Poor dead, crazy, beautiful artist.


----------



## ambush80 (Dec 18, 2012)

JB0704 said:


> Yes. Crazy people will take things to extremes that rational people will not.
> 
> You and I do not blame guns for gun violence.  Why do you blame faith for faith based violence?  It seem the faith simply becomes an excuse to do harm.  Manson, for example, went out and created an excuse without faith.
> 
> ...



If you or I heard God command us to do something, who would be most likely to obey?


----------



## atlashunter (Dec 18, 2012)

JB0704 said:


> Yes. Crazy people will take things to extremes that rational people will not.
> 
> You and I do not blame guns for gun violence.  Why do you blame faith for faith based violence?  It seem the faith simply becomes an excuse to do harm.  Manson, for example, went out and created an excuse without faith.
> 
> Crazy people do crazy things.



As you point out with Abraham, it's not crazy if his beliefs are true. If it turns out that Atta's beliefs were true then what he did was just as rational as you claim Abraham's actions were if his were true. The problem is that faith is not a means of differentiating fantasy from reality, truth from fiction. Therein lies the danger.




JB0704 said:


> Somehow, millions of people with the same beliefs draw different conclusions



Sure and like I have already said most people have a sense of self preservation that trumps their faith. A lot of folks out there share Atta's religious beliefs but not enough to act on it. But that is beside the point. The point is not what others believe it's what the guy behind the controls of that airliner believed and what motivated him to behave in the way he did. It was a faith based world view, a willingness to accept claims without evidence.




JB0704 said:


> Depends on what the truth is.  If he really did hear God, then great faith.  If there is no God, then insane.

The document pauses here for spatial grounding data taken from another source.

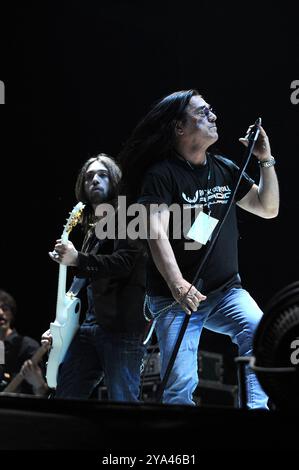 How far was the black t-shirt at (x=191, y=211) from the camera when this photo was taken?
2.70 meters

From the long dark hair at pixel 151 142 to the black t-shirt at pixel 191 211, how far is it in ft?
0.34

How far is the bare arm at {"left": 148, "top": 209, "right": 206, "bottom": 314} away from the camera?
245 centimetres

And if Andrea Yates really did hear God... Or Atta, etc. Whatever you happen to believe or not believe one thing that we should be able to agree on is that there are a vast number of competing and contradictory beliefs floating around out there that can't all be true if any are and the relevant question in this is what is true. That is what matters. But some people place less importance on that question and more on how they feel. Something that has no bearing on the truth. Maybe that is how we ended up with so many competing beliefs to begin with.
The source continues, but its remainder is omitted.